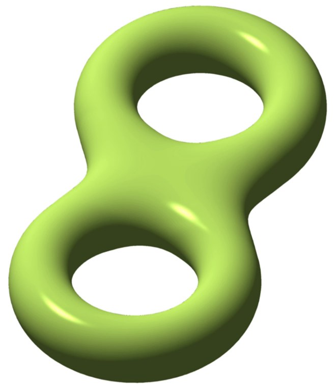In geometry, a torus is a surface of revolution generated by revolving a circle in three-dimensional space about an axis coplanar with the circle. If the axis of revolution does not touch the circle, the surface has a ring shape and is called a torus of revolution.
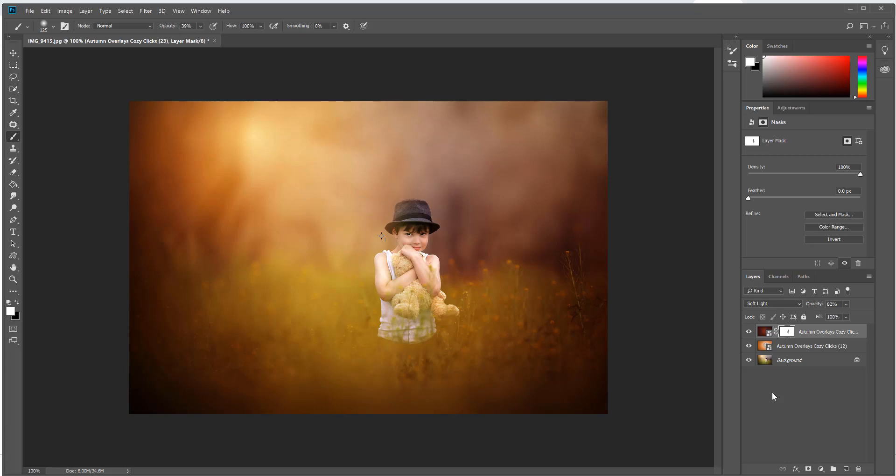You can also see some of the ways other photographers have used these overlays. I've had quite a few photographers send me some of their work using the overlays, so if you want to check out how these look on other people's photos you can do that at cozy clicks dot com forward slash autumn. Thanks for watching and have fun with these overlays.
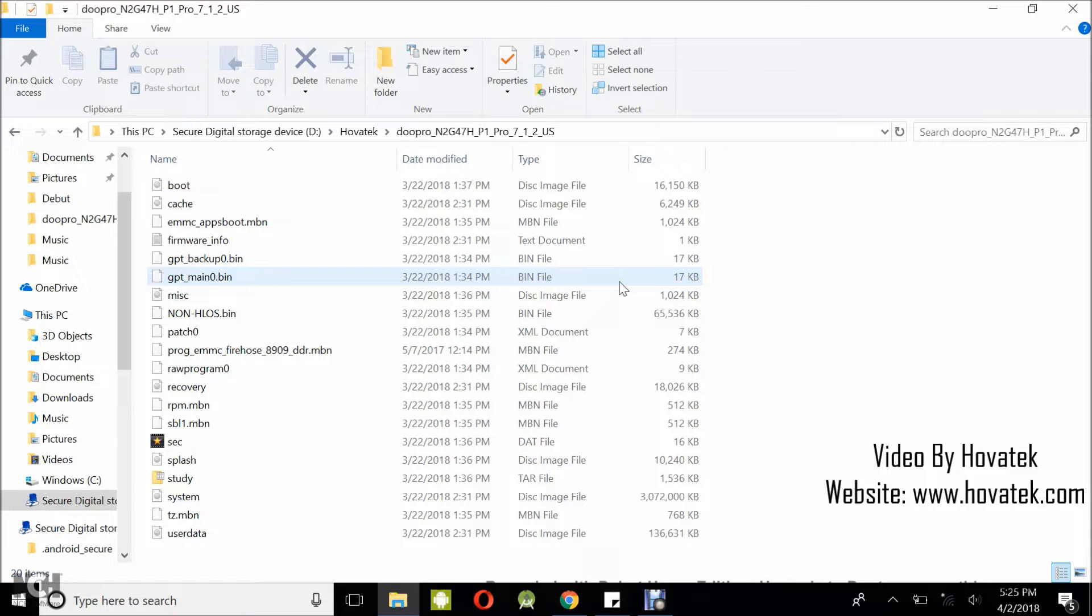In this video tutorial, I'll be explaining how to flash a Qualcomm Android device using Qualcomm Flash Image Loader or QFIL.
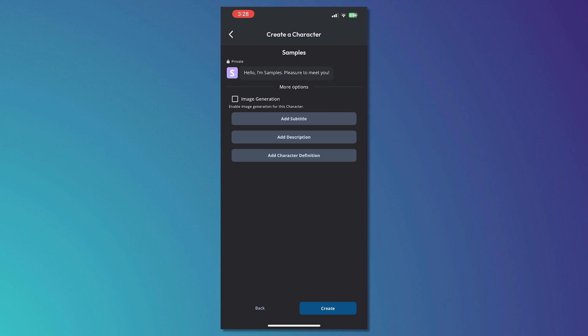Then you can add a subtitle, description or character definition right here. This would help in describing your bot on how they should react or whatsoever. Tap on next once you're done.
++++++++++++++++++++
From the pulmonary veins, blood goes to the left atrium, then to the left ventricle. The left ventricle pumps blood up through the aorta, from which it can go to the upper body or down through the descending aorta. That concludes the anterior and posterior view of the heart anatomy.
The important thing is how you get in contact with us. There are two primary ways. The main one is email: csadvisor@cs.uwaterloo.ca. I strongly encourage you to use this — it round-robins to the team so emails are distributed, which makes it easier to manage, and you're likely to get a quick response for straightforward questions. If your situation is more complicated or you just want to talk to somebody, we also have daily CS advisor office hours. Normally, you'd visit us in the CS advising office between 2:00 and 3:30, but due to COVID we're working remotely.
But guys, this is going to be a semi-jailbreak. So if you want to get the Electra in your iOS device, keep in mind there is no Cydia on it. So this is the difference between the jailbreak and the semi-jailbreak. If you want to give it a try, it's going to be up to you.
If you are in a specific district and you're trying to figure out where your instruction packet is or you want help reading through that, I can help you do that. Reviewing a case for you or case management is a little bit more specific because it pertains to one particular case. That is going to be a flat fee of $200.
++++++++++++++++++++
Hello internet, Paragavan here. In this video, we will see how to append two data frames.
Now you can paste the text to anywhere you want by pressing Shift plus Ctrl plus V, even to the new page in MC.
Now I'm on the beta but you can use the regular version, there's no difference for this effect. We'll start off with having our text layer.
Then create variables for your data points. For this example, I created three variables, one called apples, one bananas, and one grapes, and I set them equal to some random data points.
++++++++++++++++++++
[EXERCISE DETAILS]: Return the material from the line containing "In this video tutorial, I'll" through the line containing "Then you can", exactly and in full, but without its pictures.

[SOLVED PROBLEM]:
In this video tutorial, I'll be explaining how to flash a Qualcomm Android device using Qualcomm Flash Image Loader or QFIL.
Then you can add a subtitle, description or character definition right here. This would help in describing your bot on how they should react or whatsoever. Tap on next once you're done.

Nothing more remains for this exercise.